که رفتن *به راه بر* تواند همی
...so that he could walk *on* the road.
-Ferdosi


----------



## PersoLatin

Derakhshan said:


> 'Take it from under him' = *shaz-zir* _vaasi_
> 'Take it from beside him' = *shazpahlu* _vaasi_


So the Persian for:
'Take it from under him' = *shaz-zir* _vaasi_
is:
از زیرش بردار_/az zireŝ bardâr
_
I am going to put aside the bar/بر and barâ/برا argument, and looking at this in a formulaic way, I can't see why _shaz-zir_ can mean _az zireŝ_ but _shazbar_ can't mean _az baresh_.


----------



## PersoLatin

Derakhshan said:


> که رفتن *به راه بر* تواند همی
> ...so that he could walk *on* the road.
> -Ferdosi


I am sure this is the correct version: که رفتن به راه *برتواند *همی i.e. بر is a verbal prefix for تواند so برتواند which here means بتواند
I will give you my take of what it means later as we will have too many things to talk discuss.



Derakhshan said:


> بس نامور به زیر زمین دفن کرده‌اند
> کز هستیش *به روی زمین بر* نشان نماند


I believe the same goes for this, this time بر is part of نماند i.e. برنماند


----------



## Derakhshan

> I can't see why _shaz-zir_ can mean _az zireŝ_ but _shazbar_ can't mean _az baresh_.
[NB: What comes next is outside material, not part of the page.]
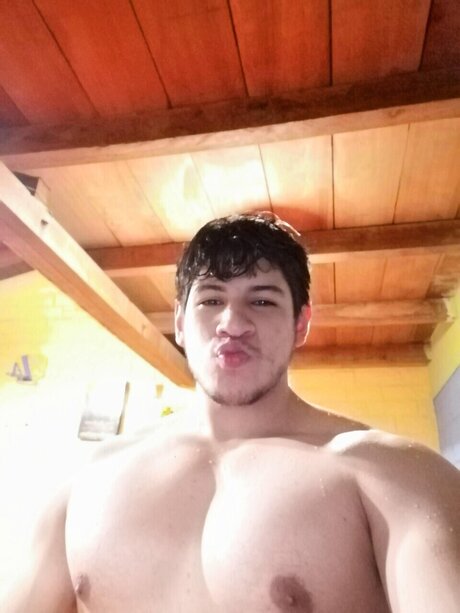 Alex Monteros erotic actress picture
Because _shazbar_ is used to mean _barash _and not _az barash. 
_
'Bring it for him'
_osh-biyaa shazbar_ = بیارش واسش/_biyaaresh vaasash_

As you can see, there is no از. So why is it _shazbar _and not _shabar_? I don't know. Maybe it's some grammatical feature, or an extra word I don't know about, or a contraction of something. There isn't any grammar I can read or refer to about my language, sadly. All I can do is derive the grammar myself, and my information may not be correct/complete of course.


----------



## PersoLatin

Derakhshan said:


> As you can see, there is no از. So why is it _shazbar _and not _shabar_?


But there's in _sha*z*bar_ which to me sounds very much like _az barâŝ _or _vâsaŝ_.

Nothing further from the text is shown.